* [Material for this task]
◆ ◆ ◆ ◆ ◆

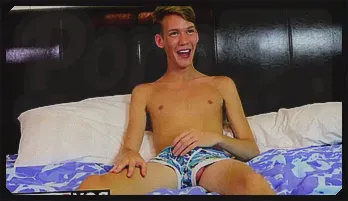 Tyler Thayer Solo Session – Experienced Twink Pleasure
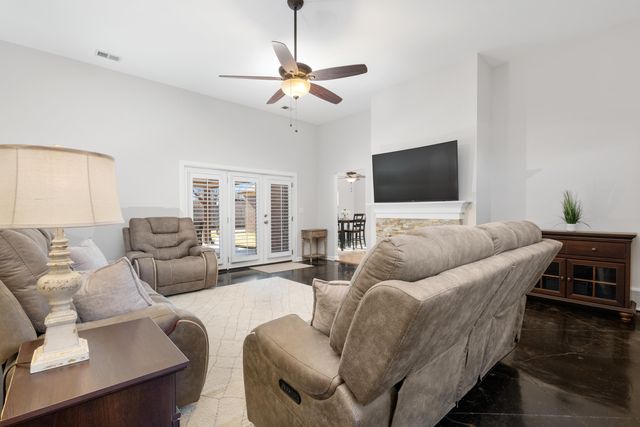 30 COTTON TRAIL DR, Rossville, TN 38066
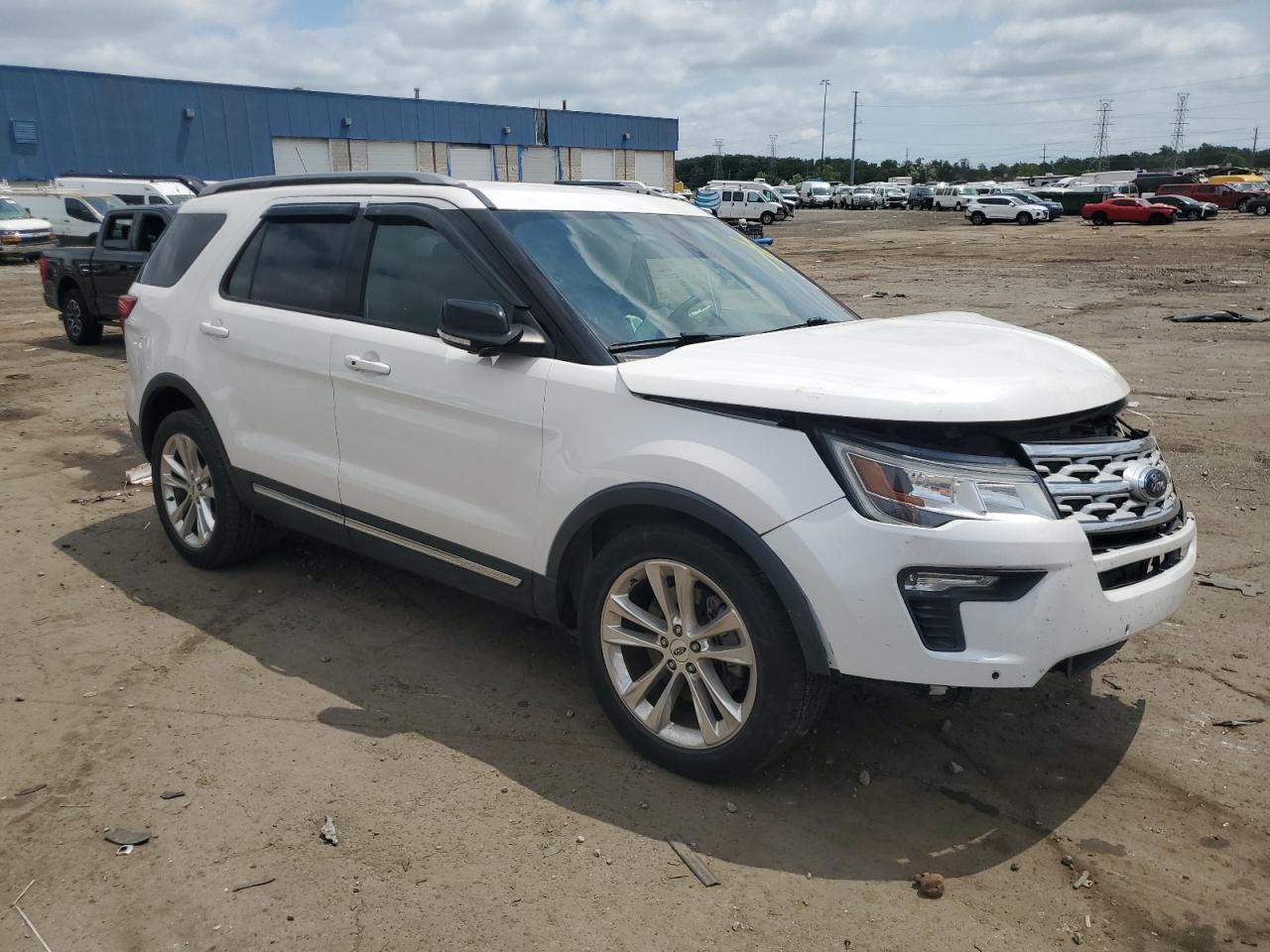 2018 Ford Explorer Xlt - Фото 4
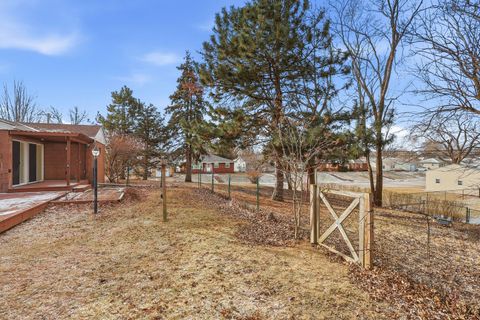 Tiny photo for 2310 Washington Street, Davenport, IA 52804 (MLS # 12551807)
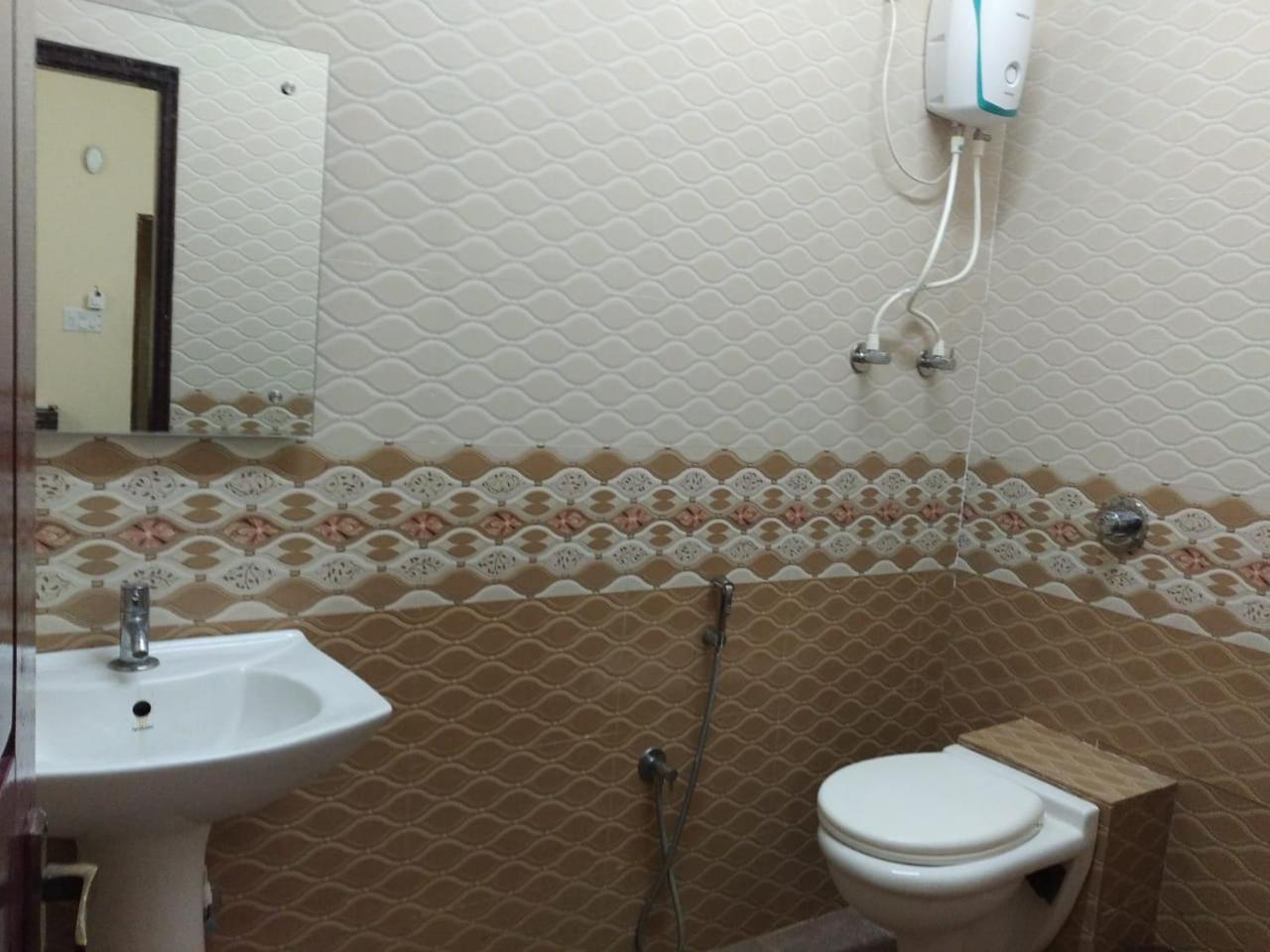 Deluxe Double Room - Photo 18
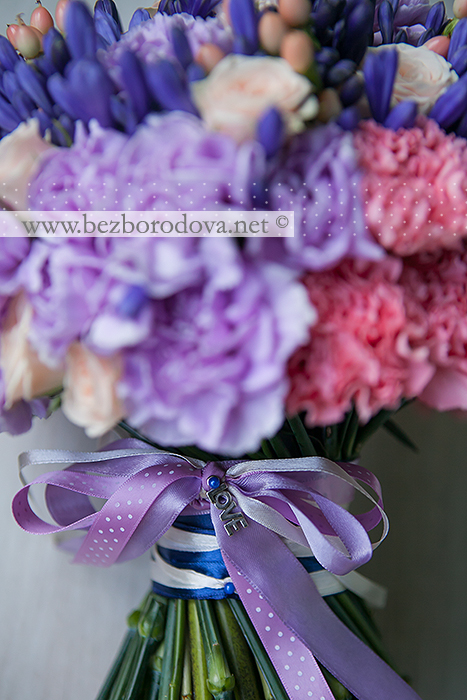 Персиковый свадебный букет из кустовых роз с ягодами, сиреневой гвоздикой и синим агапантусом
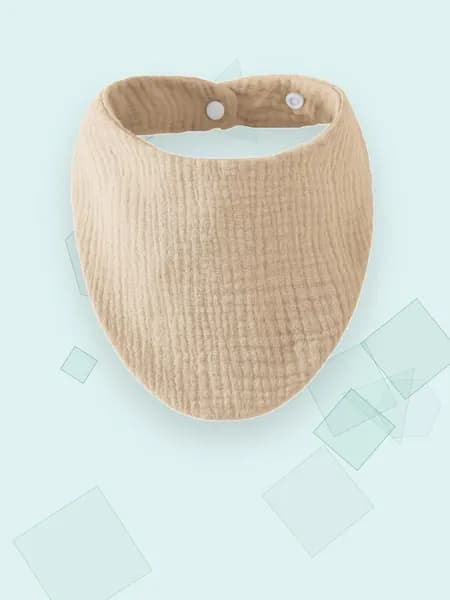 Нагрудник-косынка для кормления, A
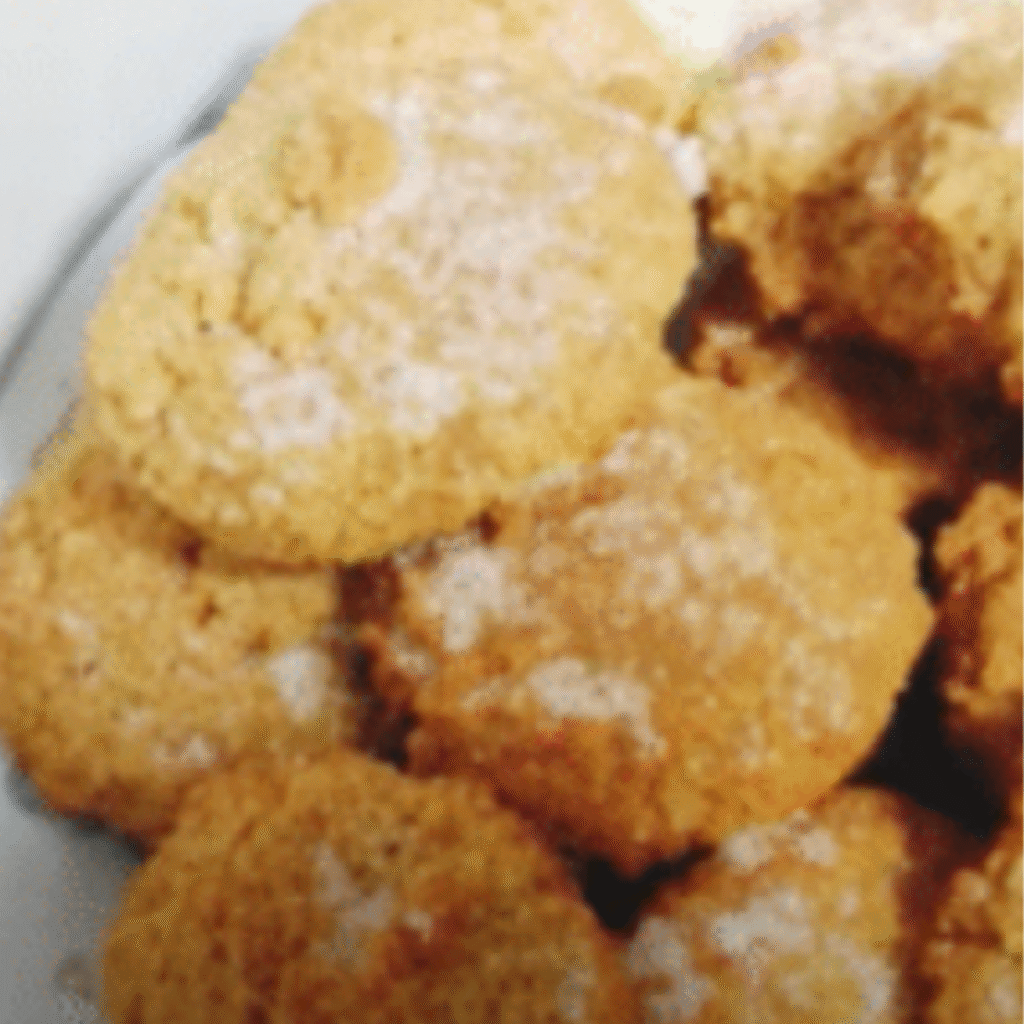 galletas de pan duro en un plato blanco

◆ ◆ ◆ ◆ ◆

Would you write out the data exactly, with no pictures in the copy?

* [Solution to this problem]
 Tyler Thayer Solo Session – Experienced Twink Pleasure
 30 COTTON TRAIL DR, Rossville, TN 38066
 2018 Ford Explorer Xlt - Фото 4
 Tiny photo for 2310 Washington Street, Davenport, IA 52804 (MLS # 12551807)
 Deluxe Double Room - Photo 18
 Персиковый свадебный букет из кустовых роз с ягодами, сиреневой гвоздикой и синим агапантусом
 Нагрудник-косынка для кормления, A
 galletas de pan duro en un plato blanco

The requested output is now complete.